Gabriel was a scientist with a company named Domidion, who shoved aside responsibility for the genetic material/defoliant he created for many years, until he finally comes to a point where visiting the site of an environmental and human disaster he created to commit suicide seems like a morally necessary choice.
Once there, as he tries to let the tides drown him, he finds people who resemble figures from legend in the water, and saves them and himself, although it's not as simple as that he decides to live - it's more like he postpones his action, while still having death as an overall goal.
Nearby the deserted rerserve lives a woman who left for a life as an artist in Toronto and has come back to the deserted homes and deathplaces of her family and friends - notably, all of whom are women. She comes from women and they are gone.
There's also a young man who is not mentally whole, who calls himself Sonny. His unseen Dad lives (or doesn't?) in Room 1 at the motel, and whether or not he's more than that is part of the question of how closely myth intersects with mundane in the this world. And another character (I'm so terrible at retaining names), Crispin, who seems to have greater knowledge than he should, and possibly to be immensely older than should be possible - or is that just how it appears?
This tension between the very mundane and the possibly numinous plays with the reader, never quite entirely coming down on one side or another - or maybe it was just that I enjoyed the ambiguity more than I wanted to be given a definitive answer. I like not knowing, in this case - it is not a mystery that needs to be answered, although many of the mysteries are.

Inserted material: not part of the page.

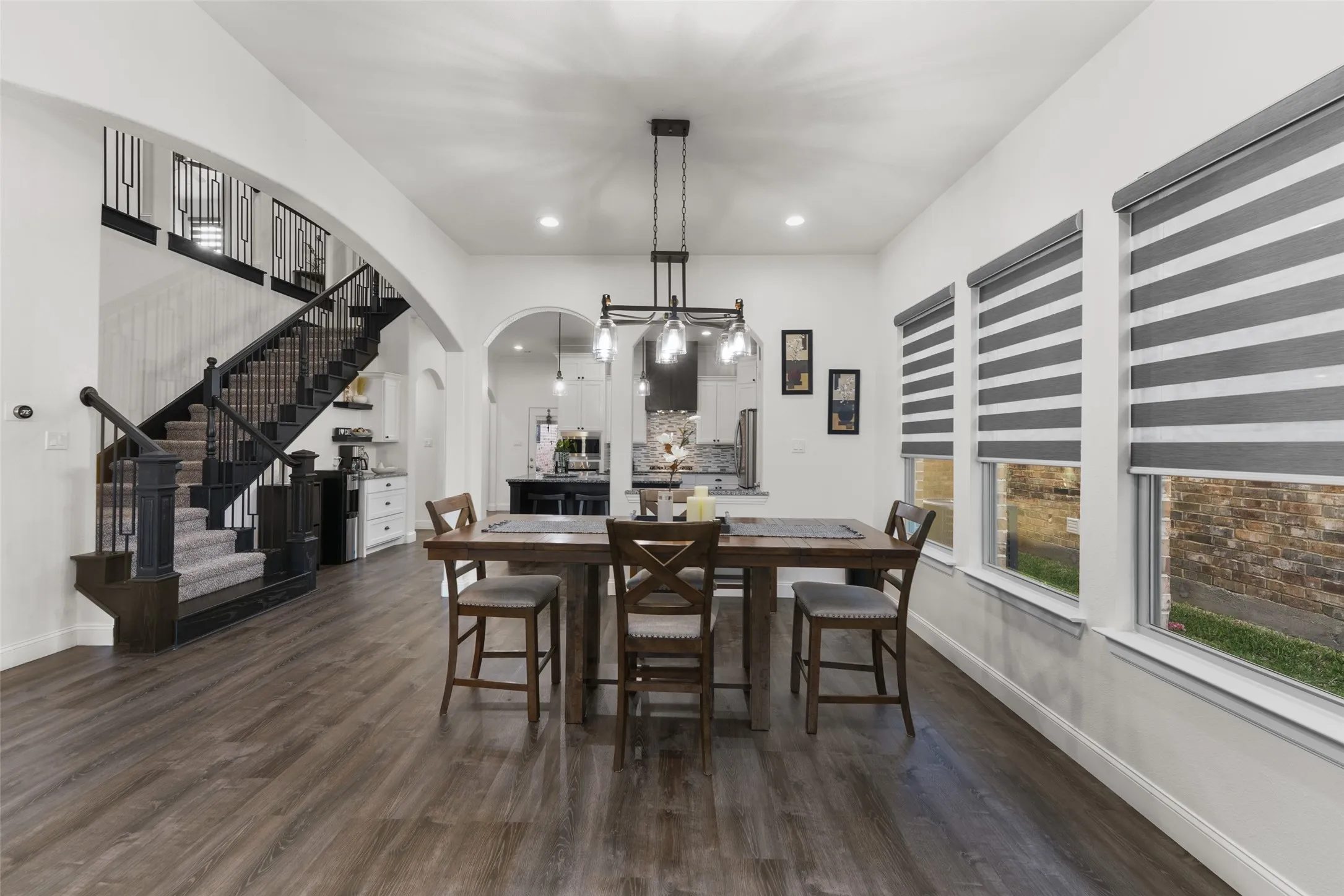 Single Family Residence For Rent in Ellis County , 1705 Prestwick Lane, Ennis, Texas 75119, 4 Bedroom, 4 Bathroom, 2 Garage spaces, 3,048 Sqft, built in 2021, mls#21393758, Real Estate Agent in Ennis, Homes For Rent in Ellis county, Homes For Rent in Ennis, Realtor in Ennis Texas, Real Estate Brokerage Independent Realty Texas, Luminita Cordes Realtor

We also move back and forth from the site of the Kali Creek disaster to the head of the company Gabriel had worked for, and if Gabriel is wracked with guilt, Dorian doesn't really know what it is. He is sociopathy laid bare, the amoral centre of a company for whom power and wealth are absolute goods, and the owning and displaying of privilege the greatest pleasure. His life is slowly disintegrating, but he comes at it with such a different view of the world that he explains his erratic behaviour to himself and others in ways that are chilling.

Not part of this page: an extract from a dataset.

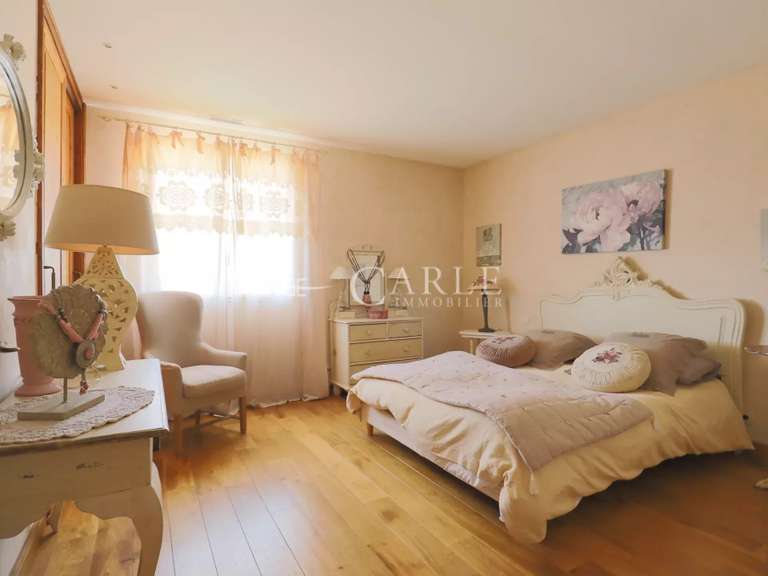 Maison Genas - 4 chambres - 567m²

There is sort of a twist near the end, but it's one that is more of a surprise to the characters than to the reader. I figured it out quite early on, and it didn't feel like I wasn't supposed to - the tension was in watching the characters dance closer to the knowledge of how they might be more closely connected without knowing what the result of that knowledge would be.
I don't love this book as much as I loved Green Grass, Running Water, but it was still a great read, and one I would highly recommend. It's not a settling book, but that sense of unease was masterfully done.